= Records of Heroes =

Chinese historical text of the end of the Han dynasty

The Records of Heroes (英雄記), also known as the Records of Late Han Heroes (漢末英雄記) is a Chinese historical text of the end of the Han dynasty. Written by contemporary historian Wang Can, it contains various stories of the late Han warlords. The book was lost at some point in history, and the only surviving accounts of it are from the Annotated Records of the Three Kingdoms by Pei Songzhi as fragmentary annotations. During the Ming dynasty, Wang Shijian (王世間) compiled these fragments and published them as a collection.

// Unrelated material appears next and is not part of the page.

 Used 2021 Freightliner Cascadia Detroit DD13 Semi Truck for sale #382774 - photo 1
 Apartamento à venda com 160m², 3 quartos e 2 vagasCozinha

The exact year in which it was written cannot be ascertained. However, among its stories which are clearly defined by year, was the anecdote that "in the middle of Battle of Red Cliff (208 CE), Cao Cao tried to cross the Yangtze River by connecting lots of rafts, however, as Zhou Yu delivered fire attacks on it, Cao Cao had to retreat" It is likely that the book was written between 208 and 217 when Wang Can died.

The Book of Sui recorded that "There were eight volumes by Wang Can named Records of Late Han Heroes. They are lost. There were 10 volumes during the Liang (梁) period."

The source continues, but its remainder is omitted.